Identifying Entrepreneurial Opportunities - by Soham Joshi
As budding entrepreneurs kindle their spirit of creativity and set off on the journey of creating a successful venture, very often they get stymied by analysis paralysis. Identifying an entrepreneurial idea that’s worth pursuing can be a daunting process. A lot of entrepreneurs lose steam at this very first process.
The answer to make this process more fun is practice identifying ideas. The beauty of participating in science competitions early on is to be able to identify ideas without the fear of failure or the inhibition of creativity. Getting feedback from successful entrepreneurs who have “been there and done that” can be a confidence booster that - “I can do this!”
Here are some tips to get started:
Know your passions – What excites you? What gets your creative juices flowing? Different people are excited by different things. For some people, ideas to make sports coaching more effective can be very appealing. For others, ideas to improve the quality of life of people in third world countries can be compelling. Yet for some others, ideas to mix traditional art with modern technology can be fascinating.

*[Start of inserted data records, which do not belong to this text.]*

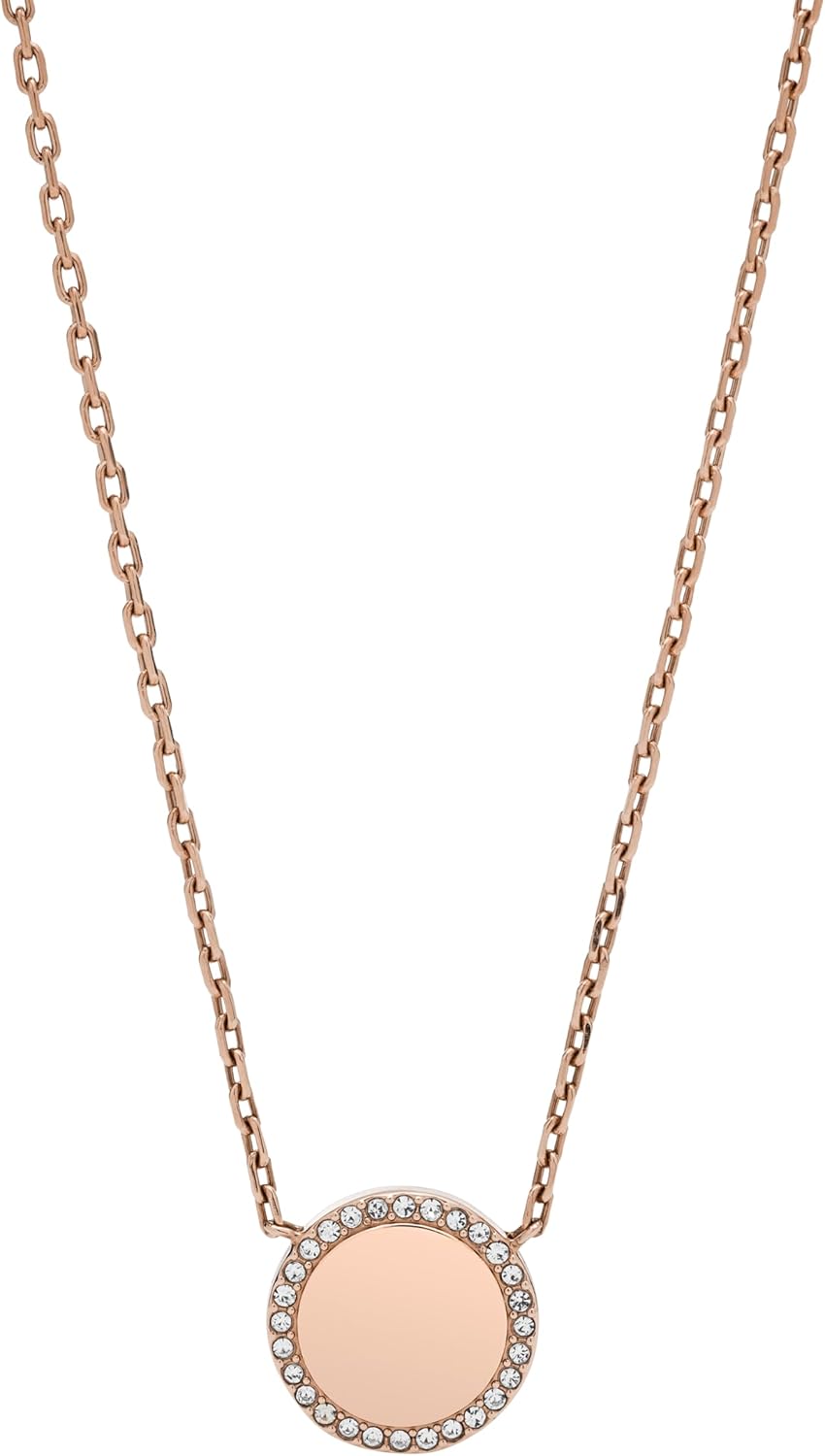 Thumbnail 4 de FOSSIL Damen Kettenanhänger in Roségold-Optik aus Edelstahl mit Karabinerverschluss – Round Pendant Necklace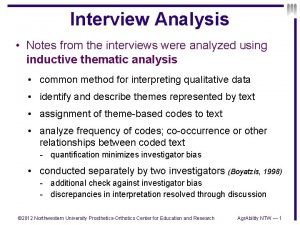 Interview Analysis Notes from the interviews were analyzed Interview Analysis Notes from the interviews were analyzed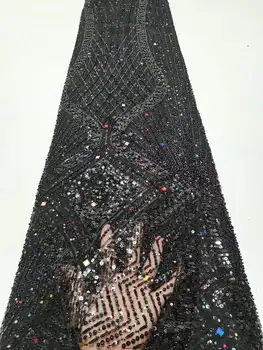 Висококачествена Африканска лейси плат, Френска мрежа, плат с пайети, Вышитое дантела, цветни камъни, Нигерийская лейси кърпа 5 ярда TC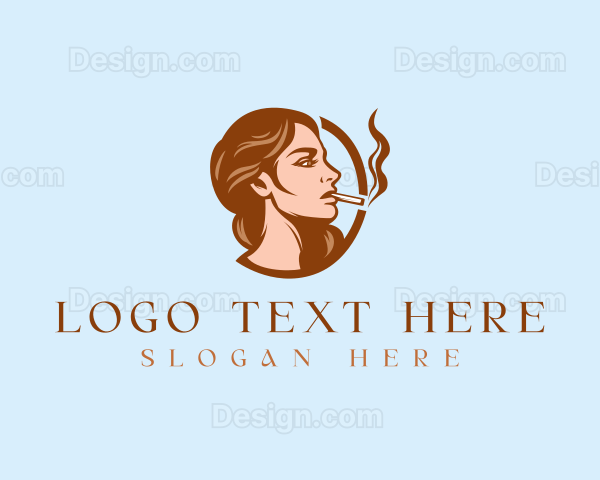 Beautiful Smoking Lady Logo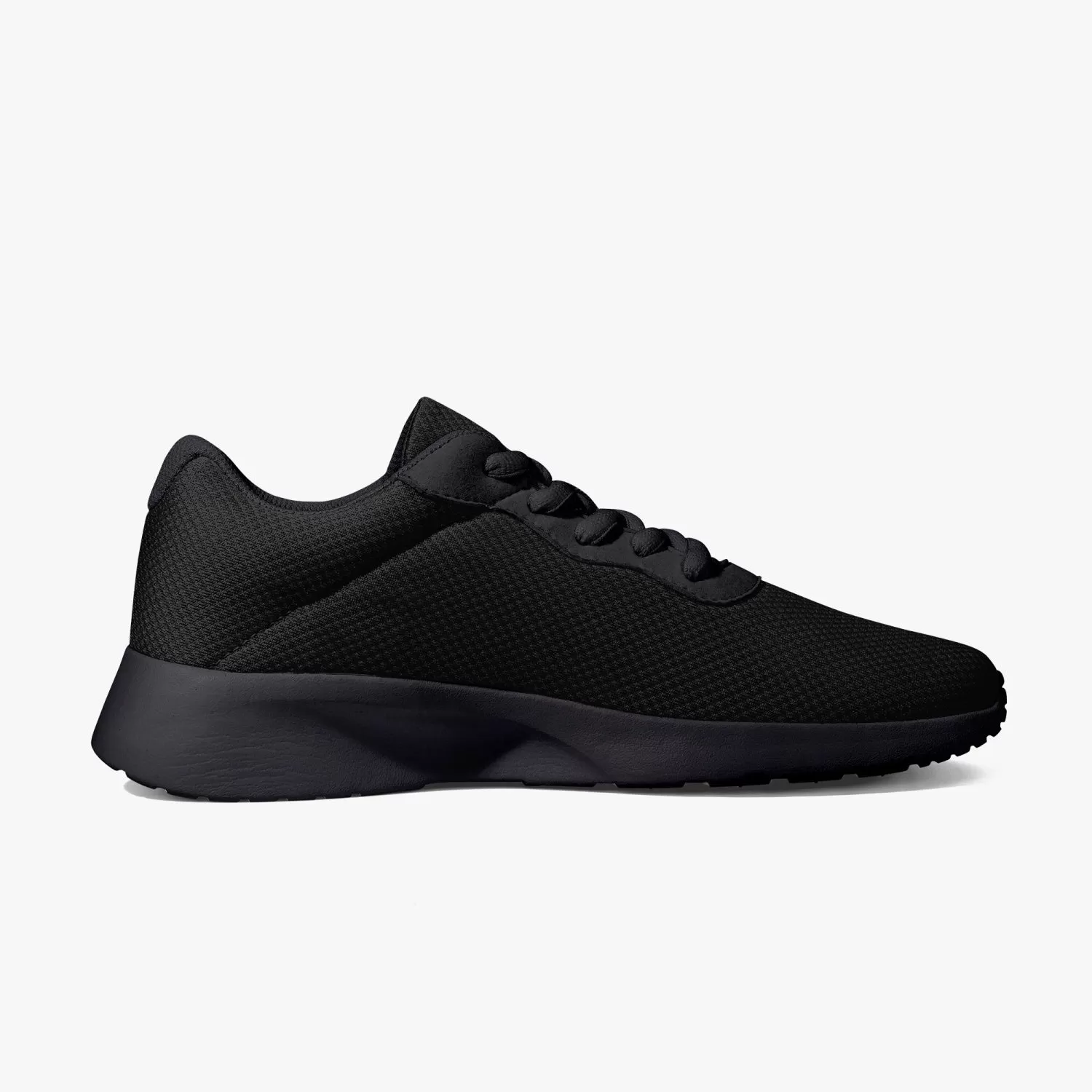 Black Solid Color Unisex Sneakers, Soft Solid Black Color Best Lifestyle Unisex Casual Designer Mesh Running Shoes With Black Soles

Every idea has merit and can be transformed into a successful business. Knowing what makes you happy is the first step to understanding which idea would you be most willing to commit to.
Research and brainstorm – Read about the opportunity and get the facts. Quantification of a problem helps put the opportunity in perspective with the real issues being faced. It also helps understand your target market. Brainstorming through discussion helps visualize the situation and also promotes the generation of more related ideas. Sometimes a combination of multiple ideas leads to a winning opportunity.
Assess the impact of your idea – The below quadrant analysis could be used to understand how impactful your idea could be.
An ideal opportunity is one which has a high impact on a large number of people.
Opportunities that have a high impact on a small number of people or a small impact on
a large number of people are the next best options.
Ideas that have a small impact on a small number of people are usually the hardest to materialize. Such ideas are niche ideas with minimal return on investment.
Start small – “Rome wasn’t built in a day”. Take your idea and break it into smaller manageable ideas. Pick the piece that would be easiest to build but provide the most value. Focus on just this piece of the opportunity. This will help you get started and avoid the analysis paralysis situation. Often times, budding entrepreneurs have a big idea that involves a lot of moving pieces. Trying to tackle everything upfront means the idea would take forever to launch and unlimited resources like money and people. The goal should be to design and deliver a workable part of the opportunity to test the market.
Time box your efforts – Agree on a timeframe to come up with ideas. Don't spend too long on one portion of the business, but spread your time among all the aspects. Also plan ahead and keep your deadlines in mind. For example, the Blue Ocean Competition’s deadline is January 17th, 2020, so when creating your business lay out a timeline with how long you will on the Blue Ocean strategy, product, video etc.